The restart protection annotations in the AGC source code—visible in the reconstructed listings now available online—show the density of this engineering. TC PHASCHNG calls (task change phase) appear throughout the guidance and navigation routines, each one a checkpoint that says: “everything up to this point has been committed to protected storage; a restart from here will produce correct results.”


Some routines had a dozen or more phase changes. The powered descent guidance routine was particularly dense with restart protection, reflecting its criticality and the high probability that a restart might occur during the computation-heavy descent phase. The P63 braking guidance code, the P64 approach guidance code, and the P66 rate-of-descent code all included restart protection at multiple phase boundaries.


A 40-Millisecond Safety Net

Modern fault-tolerant systems use techniques that would be recognizable to the AGC designers: checkpointing, journaling, transaction logs, process supervision. Erlang’s “let it crash” philosophy—where processes fail fast and are restarted by supervisors from a clean state—echoes the AGC’s restart approach. The difference is that modern systems have the luxury of memory, storage, and redundant hardware. The AGC did it in 2,048 words of RAM, with no disk, no backup processor, and a 40-millisecond recovery window.

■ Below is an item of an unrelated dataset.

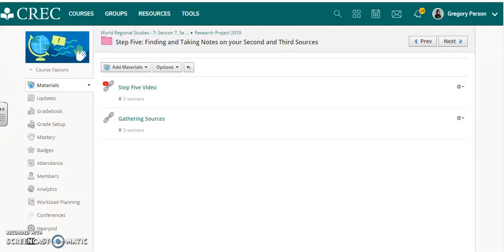Hello everybody and welcome to step 5 of the research project. It's great to be back with you. Before we dive into the directions for step 5, I wanted to take a moment and address a couple of concerns that I've noticed from some of the boys and girls in the class.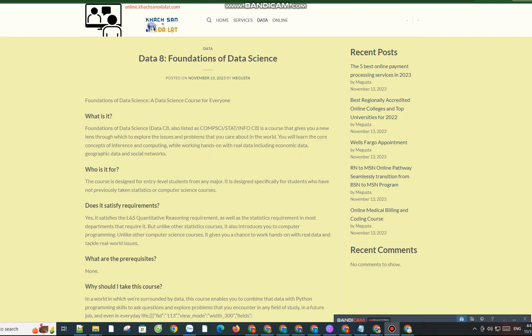What are the prerequisites? None. Why should I take this course? In a world in which we're surrounded by data, this course enables you to combine that data with Python programming skills to ask questions and explore problems that you encounter in any field of study, in a future job, and even in everyday life.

The restart protection system flew on every Apollo mission without modification from Colossus to Luminary, from Apollo 7 to Apollo 17. It handled hardware transients, executive overflows, and programming edge cases that slipped through testing. It never failed to recover a restart-protected computation correctly. It never lost a navigation state vector. It never left the spacecraft without guidance.


The AGC’s restart capability was not a safety feature bolted on after the fact. It was designed into the software architecture from the beginning, woven into the programming model at every level. Every line of critical code was written with the assumption that it might be interrupted and restarted at any moment. Every protected variable was a commitment: this value matters enough that it must survive a failure.


That assumption—that failure is not a possibility to be prevented but a certainty to be survived—is the most enduring lesson of the Apollo Guidance Computer. The restart protection system didn’t prevent the 1202 alarms on Apollo 11. It made them survivable. And in doing so, it proved that software can be built to be resilient in the face of the unexpected, if you design for it from the very first line of code.